The second form of investor selection, competitive negotiation, is applicable in the case of high-tech application projects on the list of high-tech schemes prioritised for development investment in accordance with the law on high technology or projects with requirements of new technology. Only investors who meet the implementation requirements are invited to attend.
This is really a beneficial form for foreign investors because they often hold high-tech and modern know-how which outperform domestic investors. Thus, this is also an important regulation to attract foreign financiers into technology PPP projects to promote tech transfer in Vietnam.
Finally, only projects that need to protect national defence, security, and state secrets will apply the form of investor designation. Therefore, the transparency of the selection process has ensured more fairness among investors and thereby attracted many domestic groups and foreigners to fund PPP projects.
Regulation on a risk-sharing mechanism
Another important change is the regulation on a risk-sharing mechanism with investors in PPP projects. According to Article 82 of the law on PPP, when actual revenues reach over 125 per cent of revenues in the financial plan in the PPP project contract, the investors shall share with the state 50 per cent of the difference between actual revenue and 125 per cent of revenues in the financial plan.

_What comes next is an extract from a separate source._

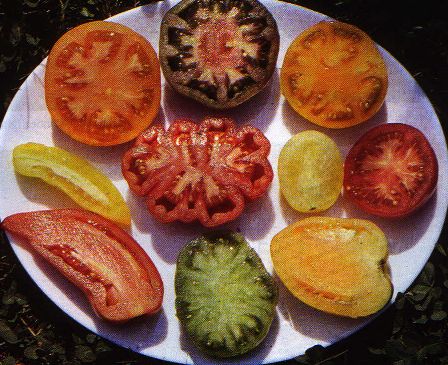 assiette de tomates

In addition, when the actual revenue is less than 75 per cent of that in the financial plan in the PPP project contract, the state shall share with the investors half of the difference between 75 per cent of planned revenues and the actual revenue, under certain conditions.
This sharing mechanism is expected to help investors limit financial risks, be more assured of the ability to recover capital, and preserve some of their benefits when implementing the project.